Photo Credit: iStock

While fresh flowers might seem like an all-natural gift, the floral industry produces a surprising amount of waste, as one worker's photos show.

"I hate this," said the frustrated worker in a Reddit post containing two photos they took at work.

"It's on the same level as golf to me."
Photo Credit: Reddit
"It's on the same level as golf to me."
Photo Credit: Reddit

The first photo shows what they identified as Margarita spider flowers, half a dozen lush yellow-and-white blossoms in a plastic-wrapped bunch. Each bloom is also individually surrounded with a stretchy plastic mesh that protects the petals for shipping.

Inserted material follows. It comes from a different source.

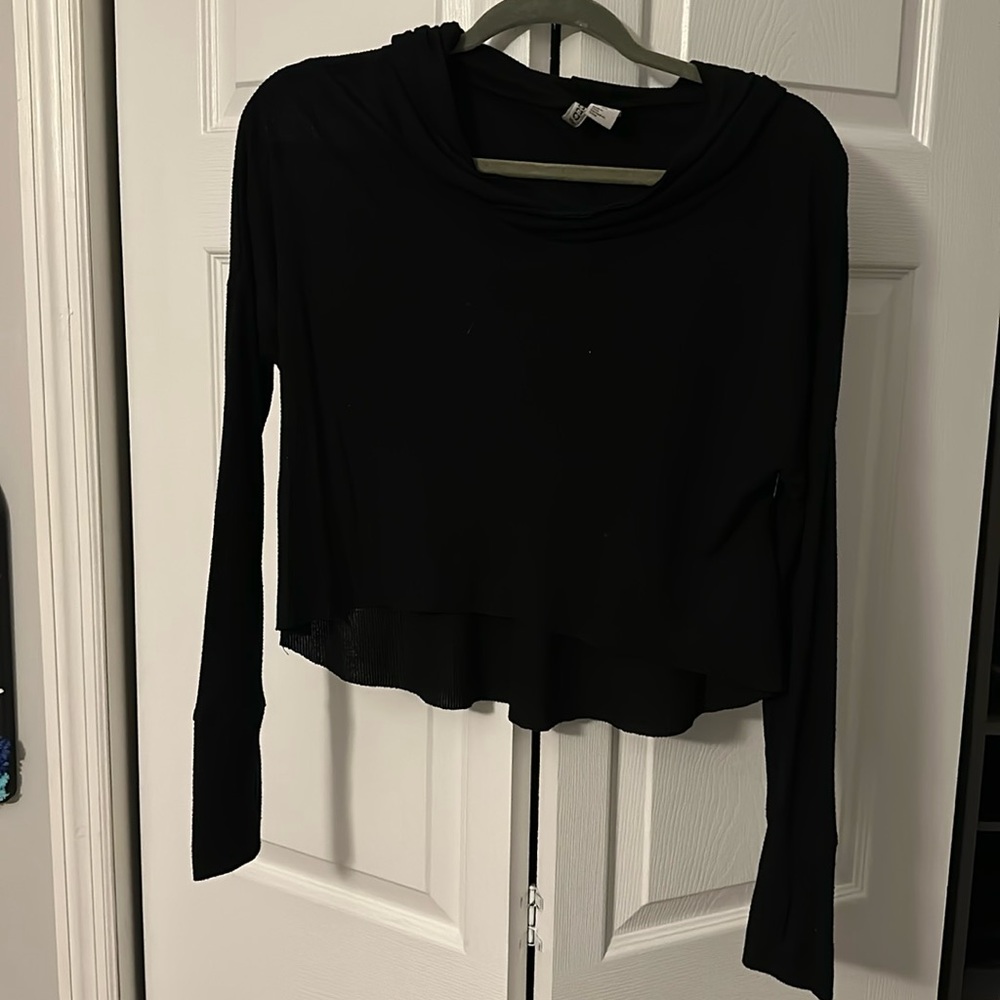 Cropped long sleeve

The second photo is of a pile of dozens of the white plastic nets after they've been removed from the flowers.

"This goes for most of our flowers," the employee complained. In a comment, they added, "I hate this job; it's driving me insane with the waste. It's on the same level as golf to me."

That may seem like an exaggeration since golf is often called out for wasting billions of gallons of water and taking up acres of land that could be used for farms or housing, not to mention the pollution from fertilizer and herbicides. 

However, a florist's shop hides a surprising amount of waste — and not only are the costs of materials passed on to consumers, but the waste harms the planet, too.

"The packaging is only the tip of the iceberg of how wasteful the floral industry is," said one commenter. "The foam is terrible for humans, animals, and the environment."

The same commenter also laid out the incredible amount of pollution caused by growing, preserving, and transporting flowers, which contributes to the Earth's dangerously high temperature. Meanwhile, the industry uses huge amounts of water and generates trash that clogs landfills. "Also, the workers growing the flowers are often exploited," they added.

"There is definitely starting to be a movement of sustainable and eco-friendly floristry but it is still a very small niche," the commenter concluded.

Normally, when a product is very wasteful, you can reduce your impact by buying secondhand. That isn't an option with flowers, for obvious reasons. However, you can choose to buy locally to minimize shipping, choose brands that use less packaging, or grow your own. There are even bouquet rental services that provide real-looking flowers for events like weddings.